使い捨てからの脱却を、自分ごとに。「すこし先のあたり前、この一歩から」

プラスチック汚染には、単一の解決策はありません。政府による規制には多くの時間と費用が伴います。

亀岡市も、船頭さんたちの清掃活動から20年かかって、ようやく条例制定まで辿り着きました。国、地域、企業、個人、それぞれが自分ごととして問題を捉えて、各レベルでできるアプローチをし、組み合わせていくことが重要です。

そのためには「共感」が大切ですよね。
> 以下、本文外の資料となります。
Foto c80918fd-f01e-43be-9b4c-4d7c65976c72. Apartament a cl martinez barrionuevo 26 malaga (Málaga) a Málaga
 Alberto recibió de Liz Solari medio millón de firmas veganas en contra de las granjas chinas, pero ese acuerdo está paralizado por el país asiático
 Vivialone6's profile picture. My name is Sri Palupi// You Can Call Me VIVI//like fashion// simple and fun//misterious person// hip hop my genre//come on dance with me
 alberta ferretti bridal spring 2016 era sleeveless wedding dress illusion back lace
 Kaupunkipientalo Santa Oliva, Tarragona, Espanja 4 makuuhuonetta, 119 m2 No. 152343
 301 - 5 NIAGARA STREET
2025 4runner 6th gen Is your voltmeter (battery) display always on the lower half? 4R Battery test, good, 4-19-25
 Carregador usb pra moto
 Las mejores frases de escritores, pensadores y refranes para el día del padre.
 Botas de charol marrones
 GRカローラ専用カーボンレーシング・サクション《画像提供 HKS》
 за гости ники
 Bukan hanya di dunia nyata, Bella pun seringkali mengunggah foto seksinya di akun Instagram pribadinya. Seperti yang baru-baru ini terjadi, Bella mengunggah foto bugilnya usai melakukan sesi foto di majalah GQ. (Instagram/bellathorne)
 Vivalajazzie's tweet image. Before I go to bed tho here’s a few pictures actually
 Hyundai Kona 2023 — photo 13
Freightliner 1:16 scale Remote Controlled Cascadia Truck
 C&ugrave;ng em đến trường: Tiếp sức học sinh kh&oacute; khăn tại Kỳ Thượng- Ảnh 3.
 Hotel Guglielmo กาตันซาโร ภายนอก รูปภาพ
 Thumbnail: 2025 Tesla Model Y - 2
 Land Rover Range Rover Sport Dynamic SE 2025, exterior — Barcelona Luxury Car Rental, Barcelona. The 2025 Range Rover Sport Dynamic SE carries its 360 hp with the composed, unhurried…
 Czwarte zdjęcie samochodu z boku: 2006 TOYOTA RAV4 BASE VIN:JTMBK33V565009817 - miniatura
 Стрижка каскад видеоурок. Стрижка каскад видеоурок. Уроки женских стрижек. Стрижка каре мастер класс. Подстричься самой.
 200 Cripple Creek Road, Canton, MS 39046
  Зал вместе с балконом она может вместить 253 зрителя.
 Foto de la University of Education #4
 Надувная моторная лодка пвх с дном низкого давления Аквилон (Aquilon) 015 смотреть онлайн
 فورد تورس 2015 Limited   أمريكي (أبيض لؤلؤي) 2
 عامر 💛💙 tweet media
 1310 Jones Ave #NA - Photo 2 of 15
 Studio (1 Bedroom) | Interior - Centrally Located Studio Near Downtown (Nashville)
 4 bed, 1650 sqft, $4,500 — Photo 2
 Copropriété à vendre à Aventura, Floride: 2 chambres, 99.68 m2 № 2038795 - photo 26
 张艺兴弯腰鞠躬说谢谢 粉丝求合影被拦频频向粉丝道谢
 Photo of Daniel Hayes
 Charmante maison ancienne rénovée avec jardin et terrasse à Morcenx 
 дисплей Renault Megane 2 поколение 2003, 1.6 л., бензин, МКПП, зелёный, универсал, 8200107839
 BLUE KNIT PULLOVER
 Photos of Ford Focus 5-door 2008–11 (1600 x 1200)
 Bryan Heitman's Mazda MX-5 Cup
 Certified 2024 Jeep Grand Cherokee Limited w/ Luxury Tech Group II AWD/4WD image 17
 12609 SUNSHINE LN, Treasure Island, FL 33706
亀岡市でも、条例を周知するキャンペーンの際には、アーティストのみなさんの力を借りて、「禁止」とか「ダメ」とか、マイナス・ネガティブな言葉ばかりを使わないよう注意しました。

「すこし先のあたり前、この一歩から」。このポスターのコピー、すごく気に入っているんですよ。

亀岡市には「エコウォーカー制度」というものもあり、ごみ拾いしながら歩く人に、かわいいオリジナルバックやごみ拾いグッズを無償でプレゼントしているんですね。そしたら、登録者がまもなく1000人に達しようかと大人気で、SNSでも話題になっているんです。楽しい・かわいい、そういうエッセンスも加わることで、関わる人が爆発的に増えるんだなということを実感しています。

みなさんにも、自分ができることをまずやってみて、ポジティブにそれを伝えていくことから、ぜひ始めてみてほしいなと思います。